• DIRECTIONS FOR THIS TASK: Copy every entry below exactly, and keep out the pictures.

····················

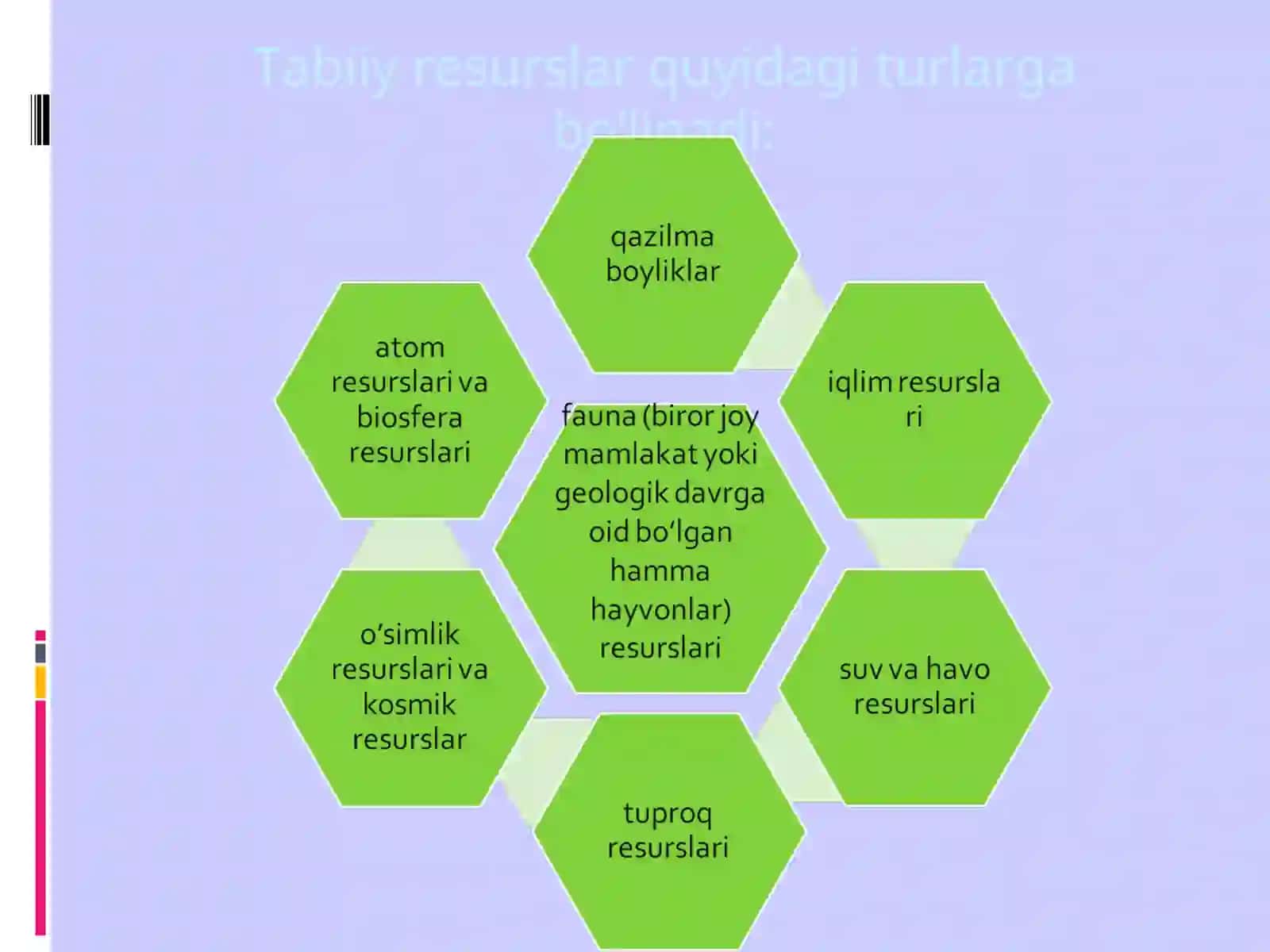 Tabiiy Jismlar va Energiya Turlari 3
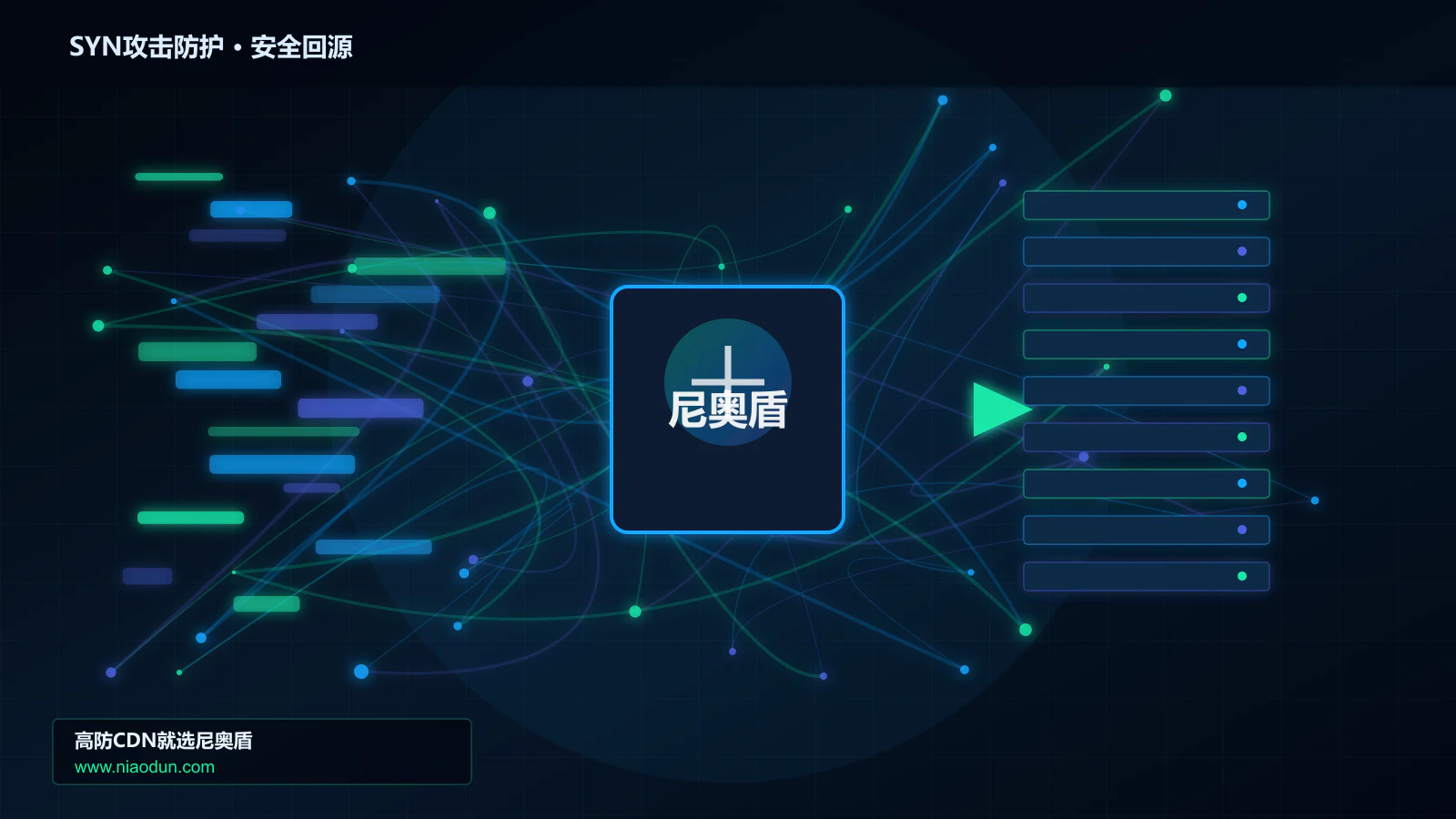 SYN攻击防护路由调度与安全回源图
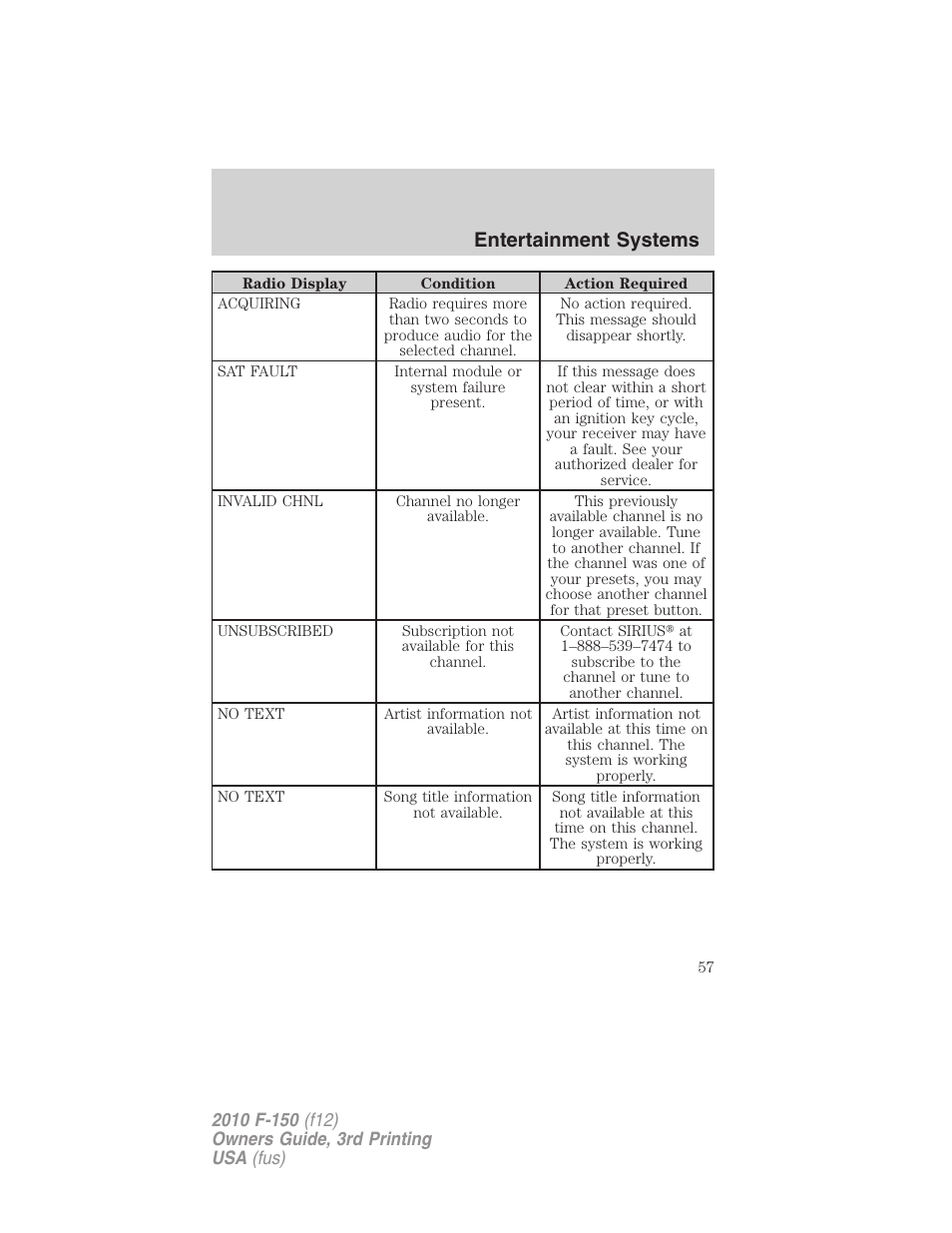 Entertainment systems | FORD 2010 F-150 v.3 User Manual | Page 57 / 419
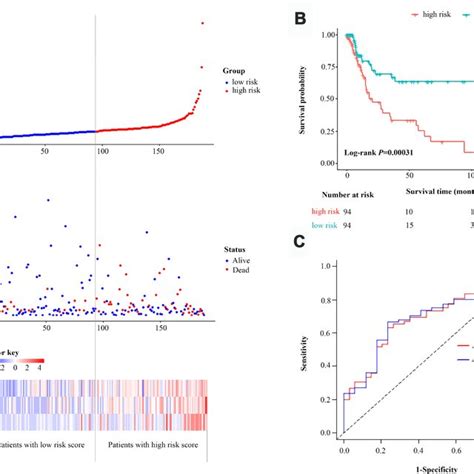 A Three Lncrna Signature Based Nomogram To Predict Three And Five Year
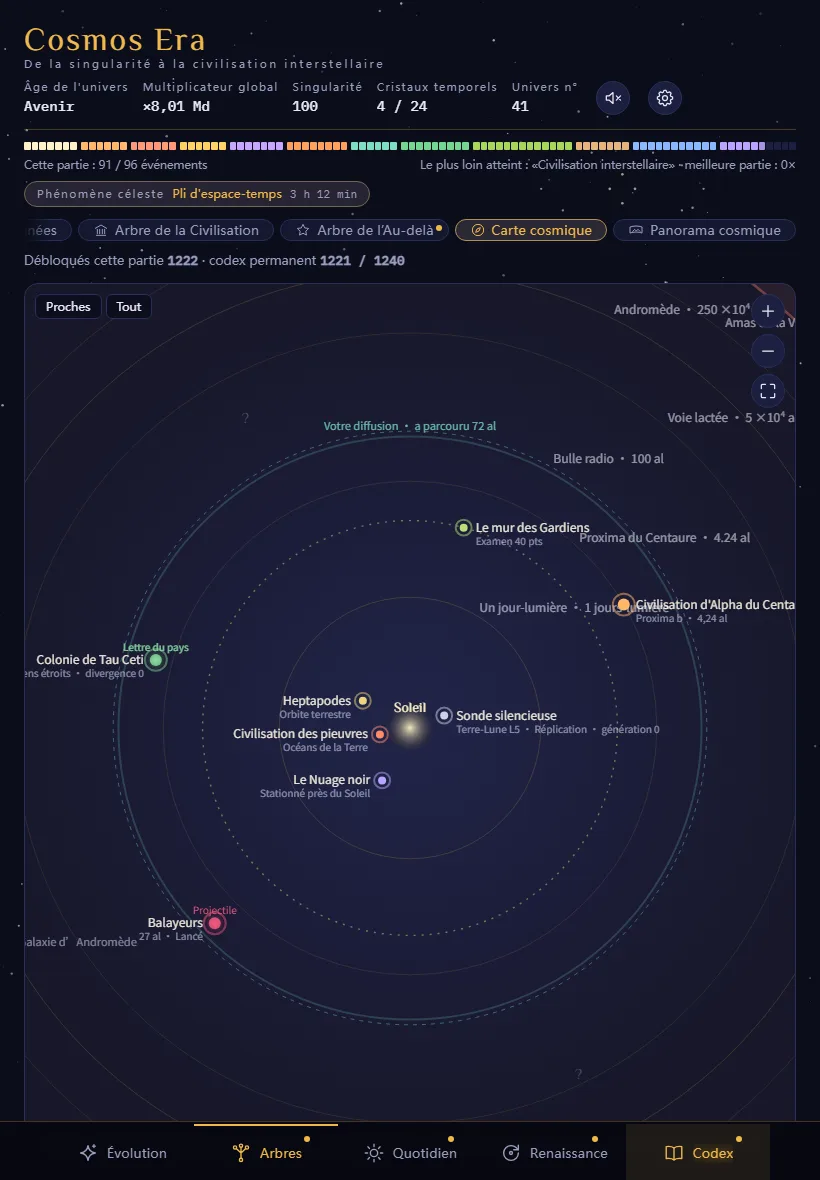 Capture du jeu (iPad) : la carte cosmique, avec les civilisations rencontrées placées à leur distance réelle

····················

• EXPECTED OUTPUT:
 Tabiiy Jismlar va Energiya Turlari 3
 SYN攻击防护路由调度与安全回源图
 Entertainment systems | FORD 2010 F-150 v.3 User Manual | Page 57 / 419
 A Three Lncrna Signature Based Nomogram To Predict Three And Five Year
 Capture du jeu (iPad) : la carte cosmique, avec les civilisations rencontrées placées à leur distance réelle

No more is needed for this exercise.